Despite no solid proof of affecting the votes in the 2016 election worry lingers. Russian hackers have found ways to gather emails from high ranking officials.
At present there is considerable doubt in the voting system. The current investigations don’t help either. Congress had been looking into Russia’s use of social media.
It was reported by investigators that the voting systems of 21 States were targeted. Illinois was breached, while Arizona was sort of breached, whatever that means.
The other 19 were just targeted but Russians had no success there. Despite their efforts it wasn’t believed any votes were changed.
The voting was mostly affected by what is considered misinformation. It is believed that inside help was received by Russians to help determine where to target.
Russia interfering with present elections would strengthen Republicans. Trump is currently on an Asian tour and plans to meet with Putin about North Korea.
Worries also lingers over 2018 elections. Republicans want stricter measures for voters. Kris Kobach wants voters to provide proof of citizenship.
Kobach is Vice Chairman of Trump’s Election Fraud Commission.
Kristen Clarke said “there appears to be an almost coordinated campaign unfolding across the Country to institute voting suppression measures at the local and State level.”
Kristen Clarke is the Executive Director of the Lawyers’ Committee for Civil Rights Under Law.
“Whether it’s hostility, recalcitrance or recklessness, sadly, we’re seeing many efforts to turn back the clock on the voting rights of ordinary Americans,” Clarke said.
Analysts believed that the new legislation would put Democrats at a disadvantage.
“The cards are, in many ways, stacked against the Democrats,” Sobel said. “it really depends on whether the Trump administration alienates enough of the Democratic base to turn out in high enough numbers to overcome all those biases.”
Robert Popper said “you can temporarily swell your rolls (under that scenario) and that can be a legitimate explanation. But that is not what we find. People doing too much cleaning? That is not something we run into a lot.” Robert Popper is a senior attorney at Judicial Watch.

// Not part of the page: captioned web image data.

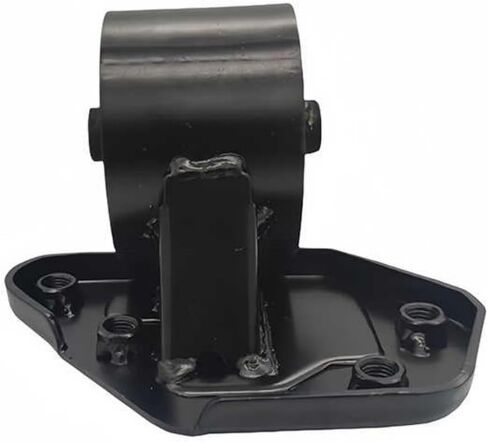 1PCS محرك السيارة MOUNT LMT OEM 2183022090 21830-22090 in Saudi Arabia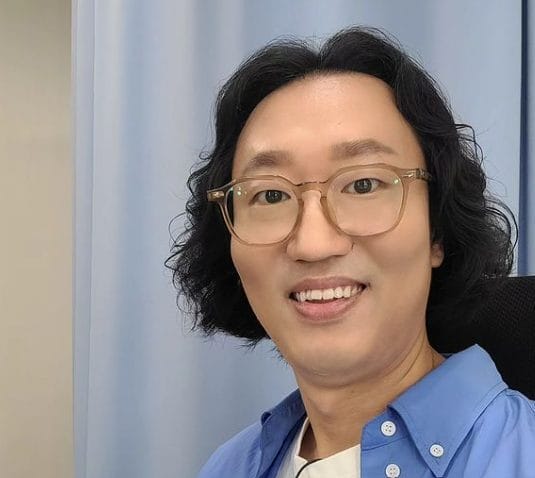 김경진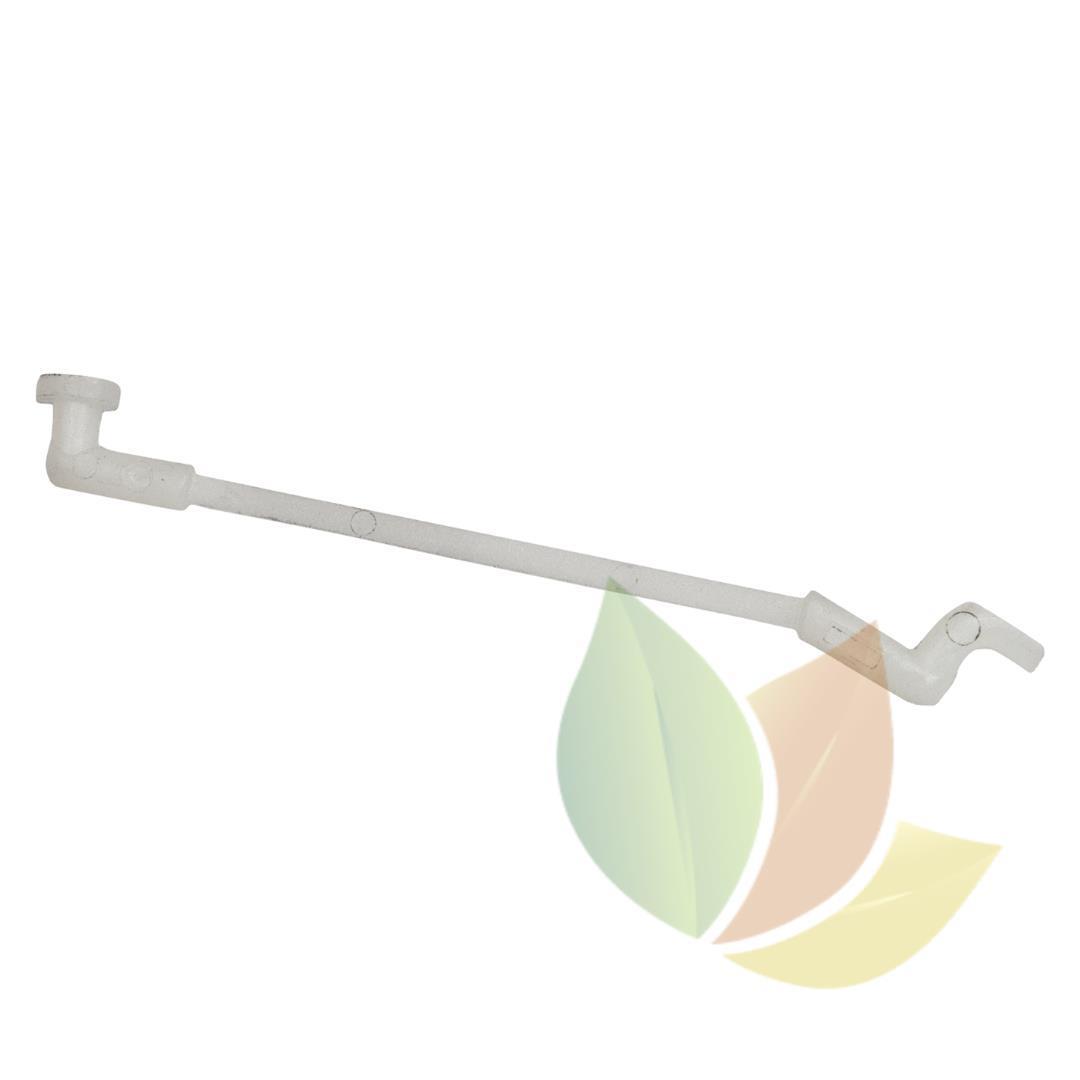 Tirante Acel. Husq. 338XPT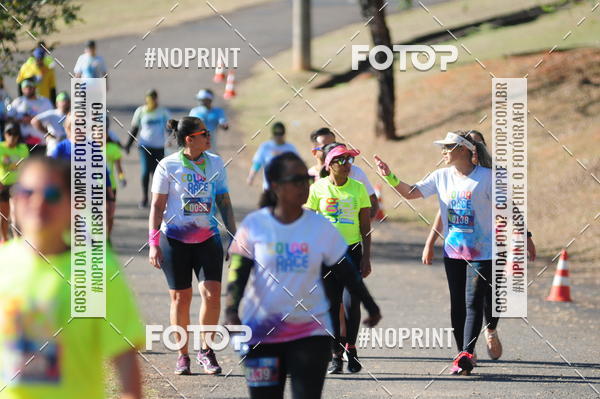 Buy your photos of the eventColor Race Brasil - Campinas on Fotop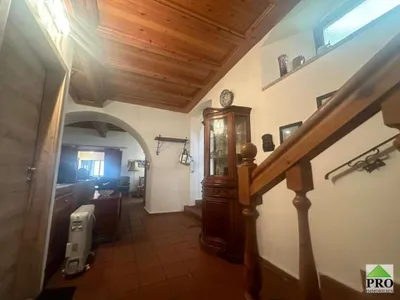 Immobilie kaufen in Krems an der Donau – 167 m², € 449.000 – Bild 43 von 53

Wendy Weiser said “here were a lot of small decisions that affected voting access in Florida.”
Weiser heads the Democracy Program at the Brennan Center for Justice at NYU School of Law.
She said “what was significant about Florida was we all saw it. We all looked under the hood together.”
The voting system should always be transparent as humanly possible. Those who handled the system must have integrity as well.